* **INPUT FOR THIS TASK**:
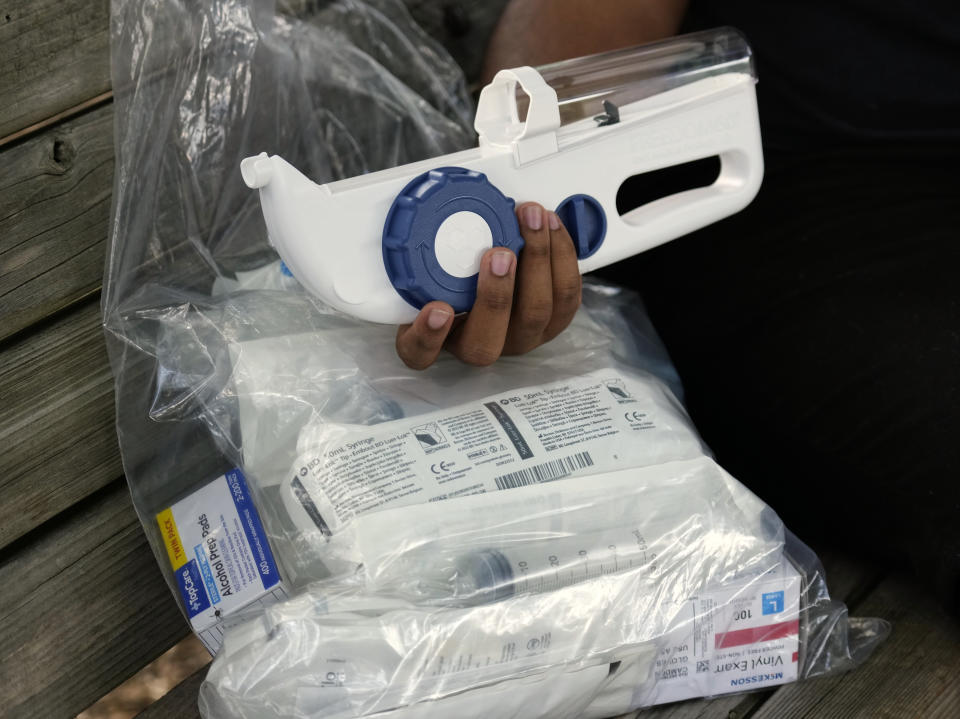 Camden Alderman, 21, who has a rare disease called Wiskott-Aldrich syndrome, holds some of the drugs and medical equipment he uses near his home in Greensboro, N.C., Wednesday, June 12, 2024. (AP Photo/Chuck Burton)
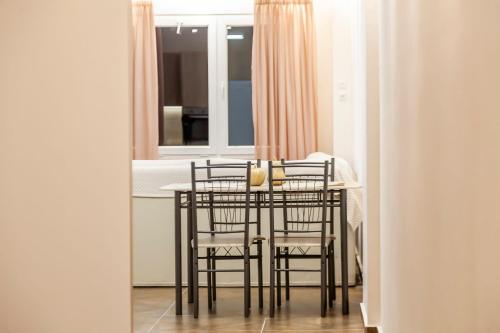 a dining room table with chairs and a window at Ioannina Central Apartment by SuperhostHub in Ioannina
...
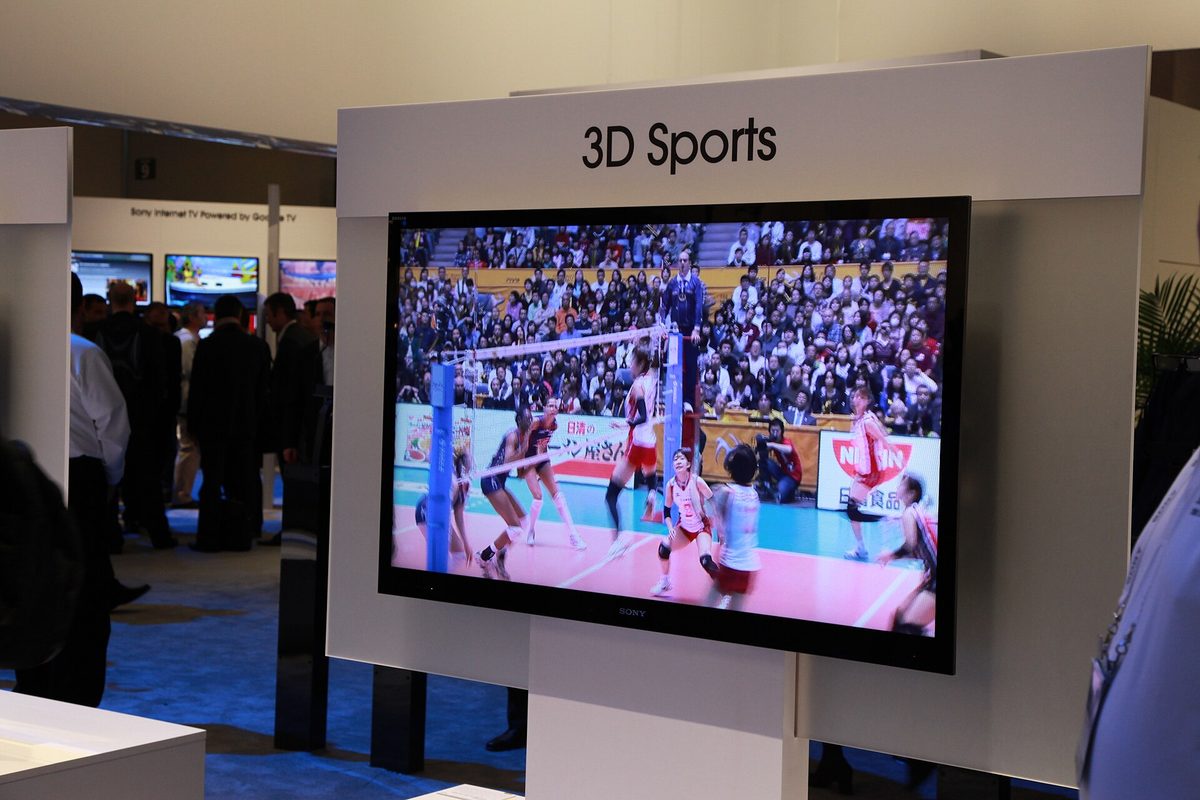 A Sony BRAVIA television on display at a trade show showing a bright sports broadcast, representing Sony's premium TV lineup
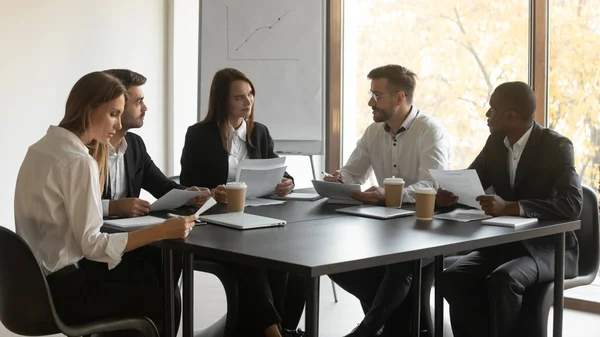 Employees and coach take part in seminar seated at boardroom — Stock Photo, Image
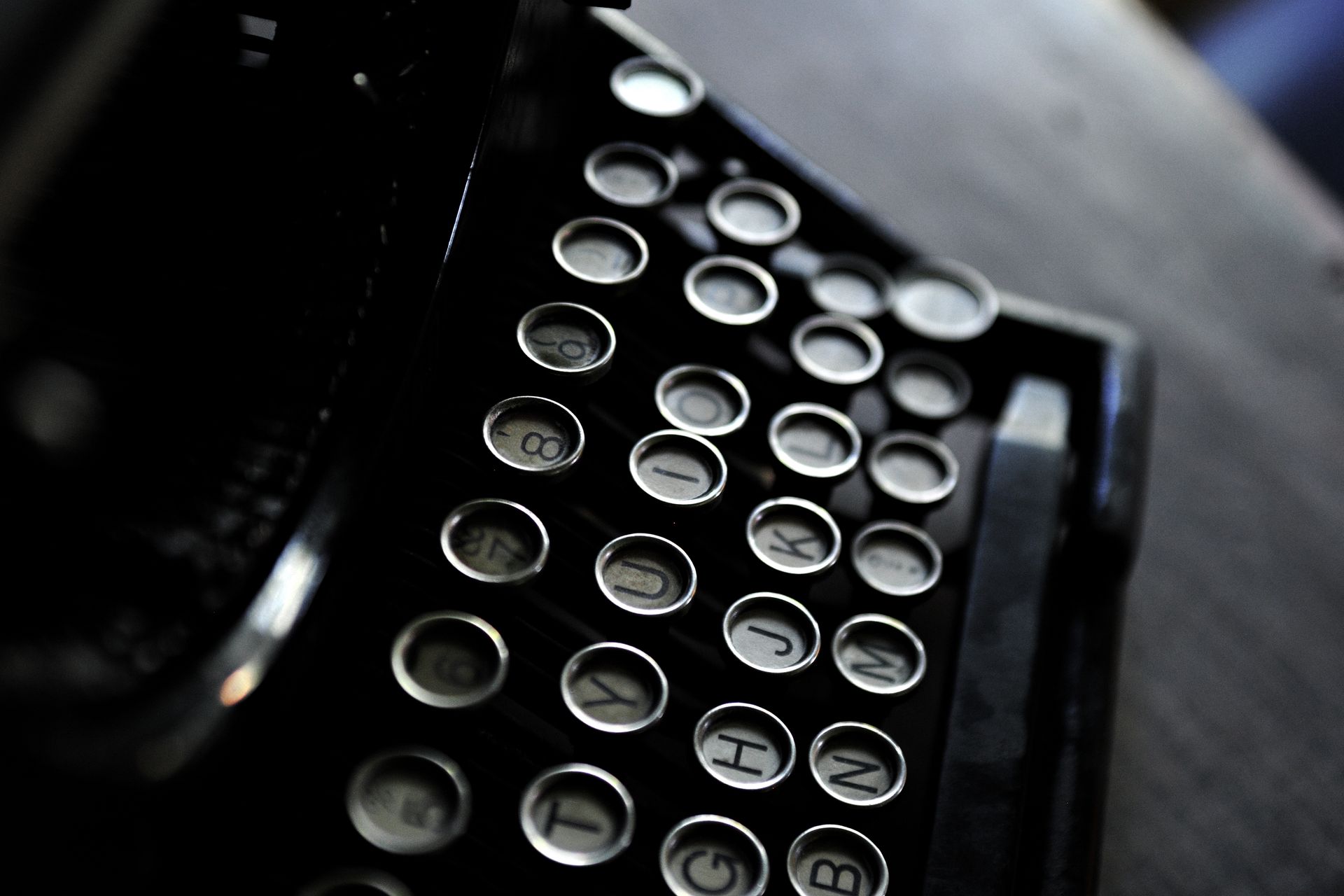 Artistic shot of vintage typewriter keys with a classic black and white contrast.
--
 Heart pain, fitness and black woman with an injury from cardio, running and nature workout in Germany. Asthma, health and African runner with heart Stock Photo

* **WHAT TO WORK ON**: Using the data above, print only the lines starting at the one with "Camden Alderman, 21, who" and ending at the one with "a dining room", exactly as they stand, minus the pictures.

* **TASK RESULT**:
 Camden Alderman, 21, who has a rare disease called Wiskott-Aldrich syndrome, holds some of the drugs and medical equipment he uses near his home in Greensboro, N.C., Wednesday, June 12, 2024. (AP Photo/Chuck Burton)
 a dining room table with chairs and a window at Ioannina Central Apartment by SuperhostHub in Ioannina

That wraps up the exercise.